What the exercise asks
Exactly reproduce the lines of the listing below from the one containing "Close up, Warm" through the one containing "Notre Dame QBs". Skip the images.

Information shown
┏━━

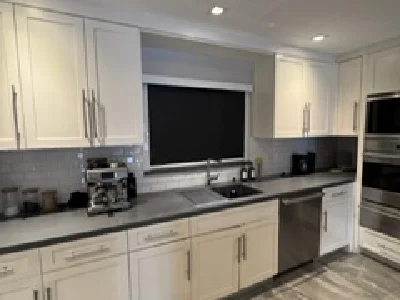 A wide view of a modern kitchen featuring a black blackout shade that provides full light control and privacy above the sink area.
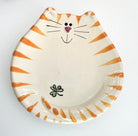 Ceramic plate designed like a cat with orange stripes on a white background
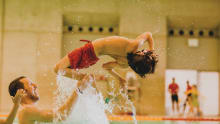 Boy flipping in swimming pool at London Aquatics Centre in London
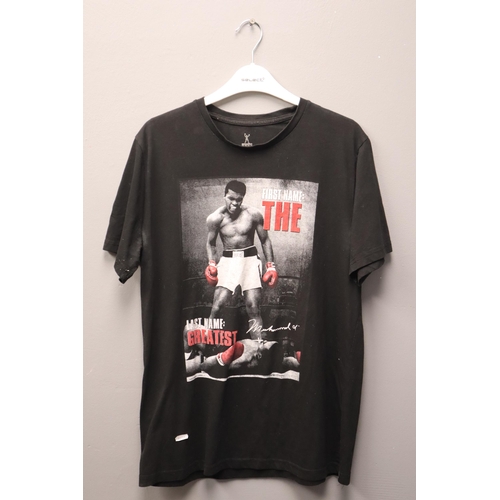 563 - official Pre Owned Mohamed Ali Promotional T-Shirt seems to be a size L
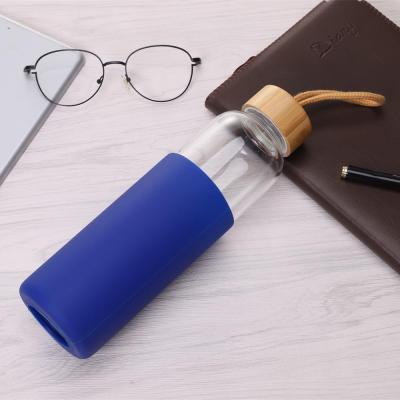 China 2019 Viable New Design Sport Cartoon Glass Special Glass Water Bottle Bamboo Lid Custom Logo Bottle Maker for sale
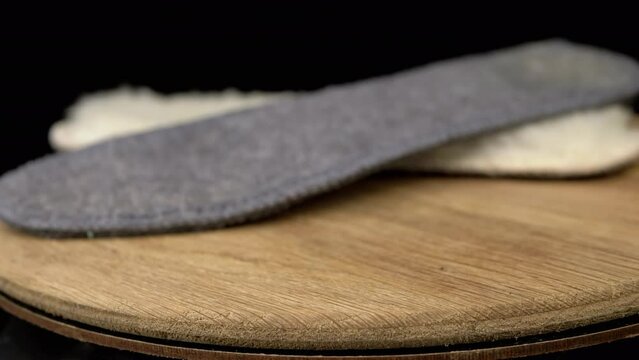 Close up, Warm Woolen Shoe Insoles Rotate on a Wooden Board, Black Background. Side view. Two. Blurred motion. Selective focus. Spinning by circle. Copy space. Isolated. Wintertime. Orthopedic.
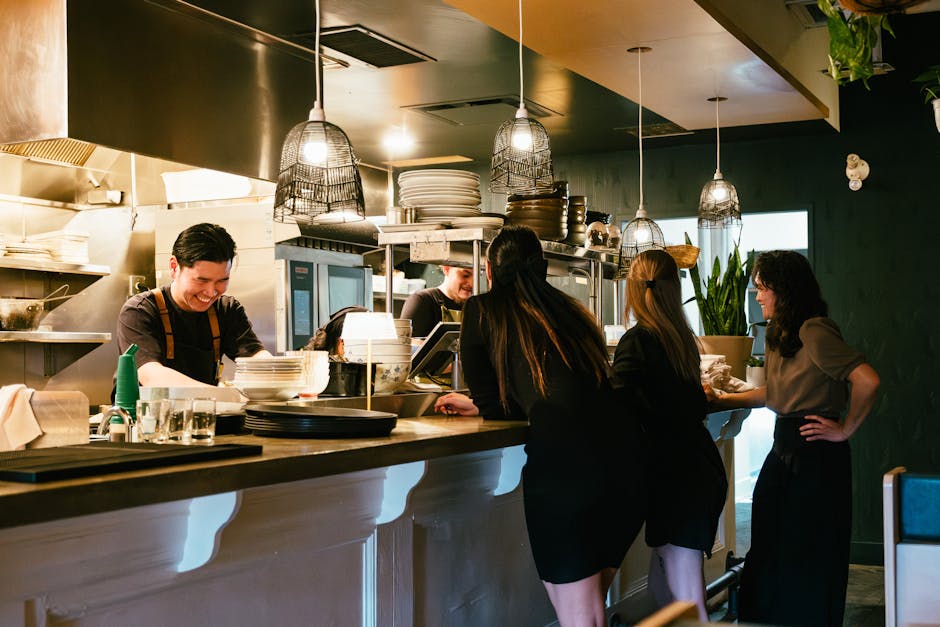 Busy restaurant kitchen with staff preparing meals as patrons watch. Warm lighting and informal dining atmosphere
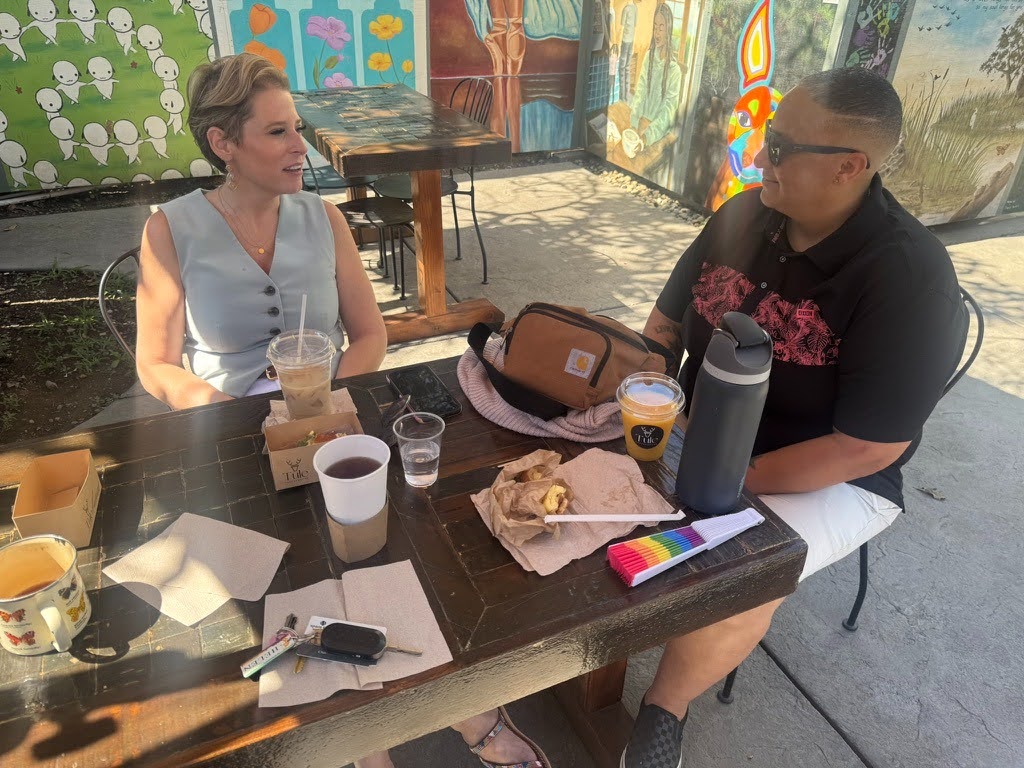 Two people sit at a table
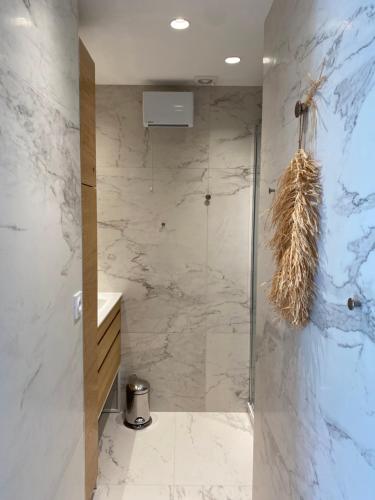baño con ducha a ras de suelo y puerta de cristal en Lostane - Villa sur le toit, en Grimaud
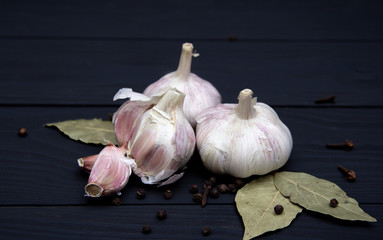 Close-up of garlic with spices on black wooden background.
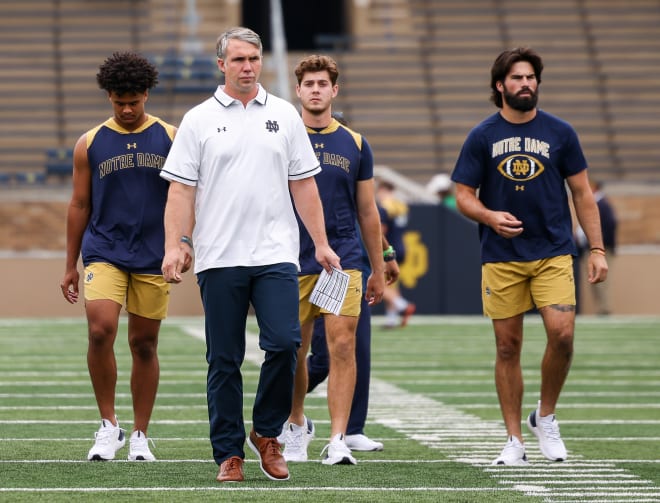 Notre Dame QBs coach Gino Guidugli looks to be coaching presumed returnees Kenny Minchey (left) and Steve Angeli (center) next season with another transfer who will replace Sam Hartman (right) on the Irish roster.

┗━━
┏━━

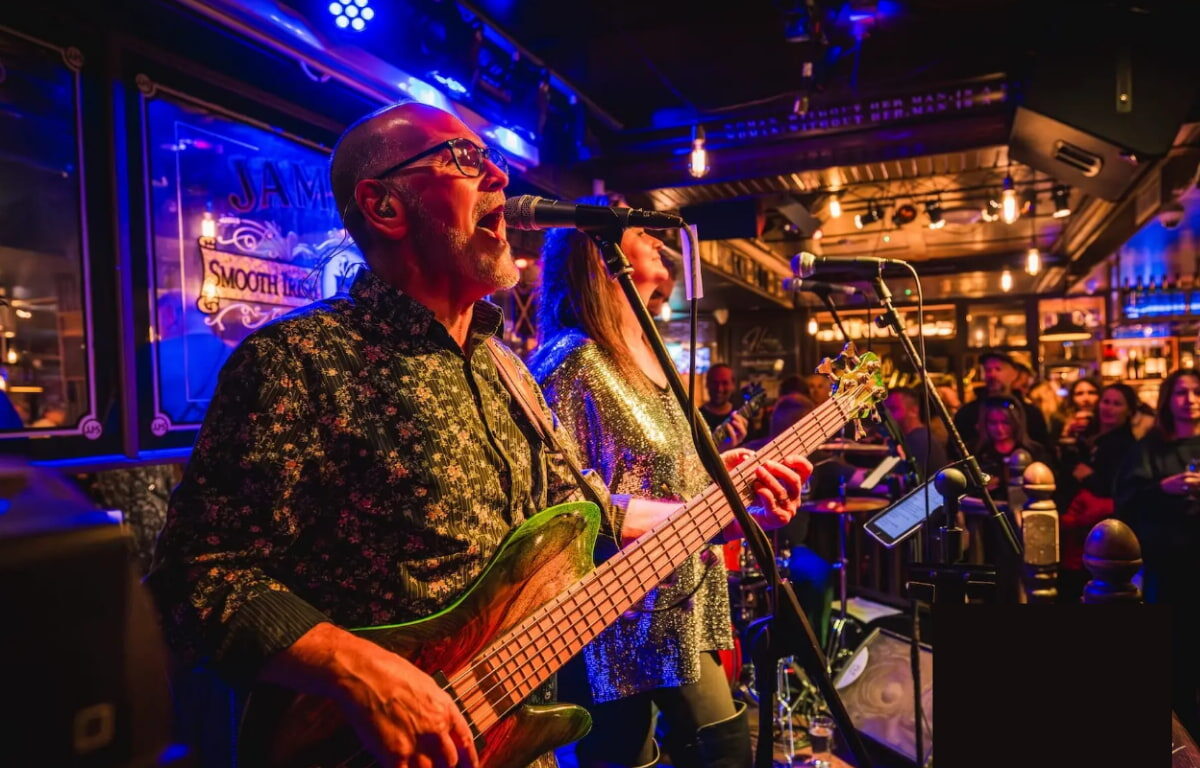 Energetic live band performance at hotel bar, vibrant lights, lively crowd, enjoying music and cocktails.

┗━━

Output of the task
 Close up, Warm Woolen Shoe Insoles Rotate on a Wooden Board, Black Background. Side view. Two. Blurred motion. Selective focus. Spinning by circle. Copy space. Isolated. Wintertime. Orthopedic.
 Busy restaurant kitchen with staff preparing meals as patrons watch. Warm lighting and informal dining atmosphere
 Two people sit at a table
baño con ducha a ras de suelo y puerta de cristal en Lostane - Villa sur le toit, en Grimaud
 Close-up of garlic with spices on black wooden background.
 Notre Dame QBs coach Gino Guidugli looks to be coaching presumed returnees Kenny Minchey (left) and Steve Angeli (center) next season with another transfer who will replace Sam Hartman (right) on the Irish roster.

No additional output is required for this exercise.